One of the toughest lessons I learned (and continue to learn) is that everything is my responsibility. I am the one who is solely responsible for the events in my life. This includes what occurs within my household. While the tendency to place blame stills exists, it is something that I work on daily. However, the one advantage is today, even when I do not want to, I know that all consequences lay at my feet.
The truth is that those who are successful at being Masters within this lifestyle are those who take responsibility.
When one owns another, the responsibility for growth and direction lies with the Owner/Master. This is something that most welcome. However, things seem to take on a different twist when they go wrong. Then, the blaming tendency starts.
A submissive is trained to be obedient. That is what a worthy submissive seeks. It is a quality that is imperative to the M/s and D/s dynamic. Of course, this is not to be mistaken for weakness. Obedience does not amount to a person being weak. On the contrary, it is actually a sign of strength.
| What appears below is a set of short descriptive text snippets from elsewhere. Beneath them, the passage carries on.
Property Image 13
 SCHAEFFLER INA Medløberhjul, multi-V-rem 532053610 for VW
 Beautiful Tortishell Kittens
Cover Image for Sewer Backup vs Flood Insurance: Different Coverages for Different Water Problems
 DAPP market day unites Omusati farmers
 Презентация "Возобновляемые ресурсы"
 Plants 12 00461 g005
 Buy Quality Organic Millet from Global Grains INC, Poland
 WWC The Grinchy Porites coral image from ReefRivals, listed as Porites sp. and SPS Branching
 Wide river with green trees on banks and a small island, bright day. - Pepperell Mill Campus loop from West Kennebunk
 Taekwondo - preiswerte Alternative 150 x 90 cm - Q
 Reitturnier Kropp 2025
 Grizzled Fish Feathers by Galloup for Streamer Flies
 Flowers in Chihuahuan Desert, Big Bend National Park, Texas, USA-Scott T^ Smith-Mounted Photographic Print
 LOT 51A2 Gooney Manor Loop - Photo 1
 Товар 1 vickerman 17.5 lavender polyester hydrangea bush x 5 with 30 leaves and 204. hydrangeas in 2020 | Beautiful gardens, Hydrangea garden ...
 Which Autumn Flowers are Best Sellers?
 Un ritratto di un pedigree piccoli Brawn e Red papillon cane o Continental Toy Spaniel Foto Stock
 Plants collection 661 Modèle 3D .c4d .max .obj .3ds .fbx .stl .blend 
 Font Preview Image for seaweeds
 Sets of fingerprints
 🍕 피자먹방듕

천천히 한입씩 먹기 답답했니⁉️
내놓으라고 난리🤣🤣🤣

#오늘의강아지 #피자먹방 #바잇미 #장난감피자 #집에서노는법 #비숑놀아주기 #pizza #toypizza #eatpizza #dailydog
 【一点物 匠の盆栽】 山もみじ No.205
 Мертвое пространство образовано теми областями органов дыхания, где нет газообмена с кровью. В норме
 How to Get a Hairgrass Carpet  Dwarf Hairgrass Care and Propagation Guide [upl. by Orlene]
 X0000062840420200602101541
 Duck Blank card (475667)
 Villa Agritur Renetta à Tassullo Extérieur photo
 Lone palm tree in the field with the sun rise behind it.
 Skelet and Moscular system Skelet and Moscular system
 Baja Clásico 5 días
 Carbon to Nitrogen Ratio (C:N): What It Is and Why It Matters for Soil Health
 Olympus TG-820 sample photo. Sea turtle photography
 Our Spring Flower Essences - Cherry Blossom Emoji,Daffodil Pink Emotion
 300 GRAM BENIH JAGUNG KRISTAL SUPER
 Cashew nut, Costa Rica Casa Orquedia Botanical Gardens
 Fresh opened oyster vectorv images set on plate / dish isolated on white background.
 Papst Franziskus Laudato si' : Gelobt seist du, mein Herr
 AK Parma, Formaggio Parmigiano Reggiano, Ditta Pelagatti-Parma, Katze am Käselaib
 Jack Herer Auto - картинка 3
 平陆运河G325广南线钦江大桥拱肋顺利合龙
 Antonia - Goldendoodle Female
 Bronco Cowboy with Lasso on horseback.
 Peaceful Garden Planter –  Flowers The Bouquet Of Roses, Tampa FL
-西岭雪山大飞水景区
Strength must be met with strength. If not, the relationship will fall apart. I cannot tell you the number of times I witnessed a slave ‘surpass’ the Master in ability. In short, she grew; he did not. A dominant person needs to dedicate him or herself to this growth. And, for me, it starts with owning up to what occurs.
If a submissive makes a mistake, it is up to me to correct that. By the same token, if she is lost, it is up to me to help her find her path. Whatever happens, a dominant needs to stand up and know that all is done at his directive. When things do not work out as anticipated as they invariably do, then it is my fault. And, I is the one who needs to ensure corrective action is taken. Anyone who wants to place the blame on the submissive is not worthy of being called a Owner/Master.
Be responsible and you are on the path to earning it.